Beginning with the line that holds "Видео: Как рисовать" in the data below, give again every line through the one that holds "Кордилинапальма", exactly as written.

## Records provided
--- START ---
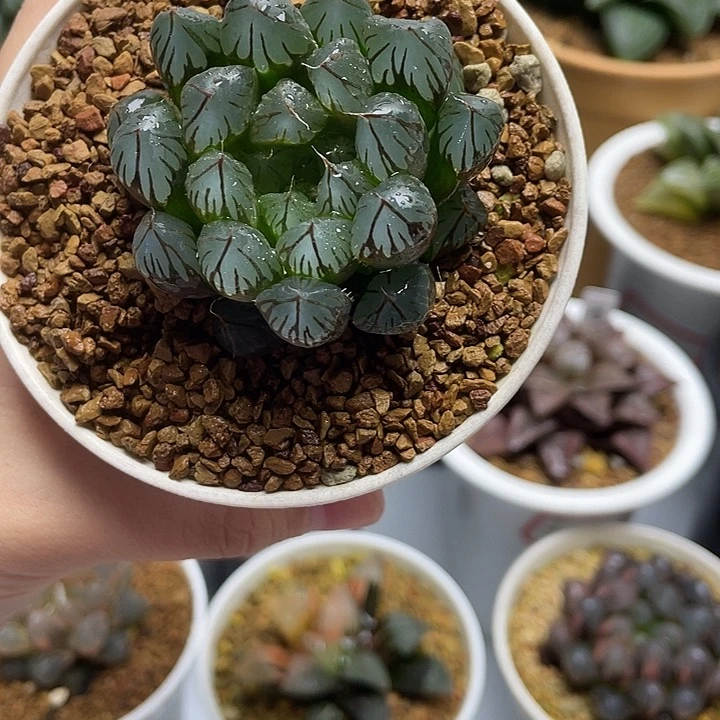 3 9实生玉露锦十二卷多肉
--- END ---
--- START ---
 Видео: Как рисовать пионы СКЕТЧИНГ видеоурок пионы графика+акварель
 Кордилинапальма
--- END ---
## Problem solution
 Видео: Как рисовать пионы СКЕТЧИНГ видеоурок пионы графика+акварель
 Кордилинапальма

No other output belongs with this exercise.